“Garbage in, garbage out.” In computing we’ve recited the GIGO motto since I was in diapers (Univac I and vacuum tubes were state of the art). Comfirmation bias is like GIGO: if people already know (think, guess, believe) something is true then they’re inclined to accept new evidence in its favor and reject evidence against it.
It’s everyone’s favorite type of careless thinking. We all do it by default.
Janelle Shane, the blogger of AI Weirdness, has posted a fine example and summary of how GPT-4, ChatGPT, etc are giant engines for confirmation bias. Here’s her insight:
Finding whatever you ask for, even if it doesn’t exist, isn’t ideal behavior for chatbots that people are using to retrieve and summarize information. It’s like weaponized confirmation bias. This is the phenomenon behind, for example, a lawyer citing nonexistent cases as legal precedent.
People call this “hallucination” but it’s really a sign of the fundamental disconnect between what we’re asking for (find information) versus what the language models are trained to do (predict probable text).
(boldface mine)
And that’s the classical software mismatch: if the software solves enough of a problem, we’ll pretend it solves the whole problem.
If a vendor is really, really lucky, the market redefines a task to match the software’s capabilities. If the software can’t do it, then it’s no longer that task. Typing becomes word processing, travel planning becomes online reservation, multilevel security becomes multilevel security (an inside joke).
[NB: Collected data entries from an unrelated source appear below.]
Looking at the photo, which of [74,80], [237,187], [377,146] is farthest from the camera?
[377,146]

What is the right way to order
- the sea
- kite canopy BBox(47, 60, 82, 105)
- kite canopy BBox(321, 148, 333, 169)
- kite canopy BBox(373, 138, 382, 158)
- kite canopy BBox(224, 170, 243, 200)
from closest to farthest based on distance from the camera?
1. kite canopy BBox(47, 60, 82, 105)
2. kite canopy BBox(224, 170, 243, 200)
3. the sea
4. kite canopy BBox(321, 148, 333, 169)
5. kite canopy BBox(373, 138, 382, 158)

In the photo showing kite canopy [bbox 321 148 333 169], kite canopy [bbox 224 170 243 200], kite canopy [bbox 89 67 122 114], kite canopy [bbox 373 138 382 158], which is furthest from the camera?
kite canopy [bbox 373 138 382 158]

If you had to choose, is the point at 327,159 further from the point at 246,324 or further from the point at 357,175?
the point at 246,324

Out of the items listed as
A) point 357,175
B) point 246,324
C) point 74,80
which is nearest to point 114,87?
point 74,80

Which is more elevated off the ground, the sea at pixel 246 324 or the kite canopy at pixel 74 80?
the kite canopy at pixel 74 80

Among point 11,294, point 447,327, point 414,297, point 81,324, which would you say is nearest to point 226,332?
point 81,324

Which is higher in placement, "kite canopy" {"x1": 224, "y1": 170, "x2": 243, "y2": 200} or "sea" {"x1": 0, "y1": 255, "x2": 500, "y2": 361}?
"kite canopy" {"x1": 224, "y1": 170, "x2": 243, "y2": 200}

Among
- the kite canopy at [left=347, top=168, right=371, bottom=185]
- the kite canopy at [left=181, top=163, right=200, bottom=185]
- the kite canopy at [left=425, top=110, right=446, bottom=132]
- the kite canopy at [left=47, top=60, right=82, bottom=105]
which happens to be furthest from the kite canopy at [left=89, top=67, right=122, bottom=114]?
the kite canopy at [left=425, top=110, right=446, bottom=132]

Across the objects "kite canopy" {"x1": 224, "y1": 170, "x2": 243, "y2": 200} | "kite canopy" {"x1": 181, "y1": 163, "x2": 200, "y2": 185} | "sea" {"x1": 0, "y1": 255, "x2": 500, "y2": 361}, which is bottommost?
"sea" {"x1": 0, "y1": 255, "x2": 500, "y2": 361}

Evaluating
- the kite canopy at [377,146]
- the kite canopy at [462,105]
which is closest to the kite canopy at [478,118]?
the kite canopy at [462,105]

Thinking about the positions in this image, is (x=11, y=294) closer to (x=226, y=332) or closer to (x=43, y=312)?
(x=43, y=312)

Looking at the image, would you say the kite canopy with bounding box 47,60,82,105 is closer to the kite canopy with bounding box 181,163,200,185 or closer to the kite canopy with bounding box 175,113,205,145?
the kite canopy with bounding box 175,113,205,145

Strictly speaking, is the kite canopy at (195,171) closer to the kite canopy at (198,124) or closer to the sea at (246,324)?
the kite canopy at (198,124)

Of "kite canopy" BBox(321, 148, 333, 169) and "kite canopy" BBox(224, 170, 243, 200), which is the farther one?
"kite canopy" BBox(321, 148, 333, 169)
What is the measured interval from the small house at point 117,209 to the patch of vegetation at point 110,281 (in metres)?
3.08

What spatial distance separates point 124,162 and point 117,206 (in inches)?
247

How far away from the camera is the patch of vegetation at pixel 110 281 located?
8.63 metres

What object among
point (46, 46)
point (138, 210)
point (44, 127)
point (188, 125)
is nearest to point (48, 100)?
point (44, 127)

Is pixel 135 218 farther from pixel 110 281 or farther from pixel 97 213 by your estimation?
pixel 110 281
I wrote a trivial text predictor/generator in college and fed it my friends’ online essays and papers. The results were nothing but weirdness, but entertaining weirdness. The output was occasionally grammatical, but the mashed-together phrases from different contexts were often hilarious, much like Shane’s AI Weirdness.
AI has always worked this way.
My rules of thumb:
- AI is always entertaining.
- Some AI techniques find practical though limited applications.
- It’s easy to believe a partial solution is a complete solution, and not just for AI.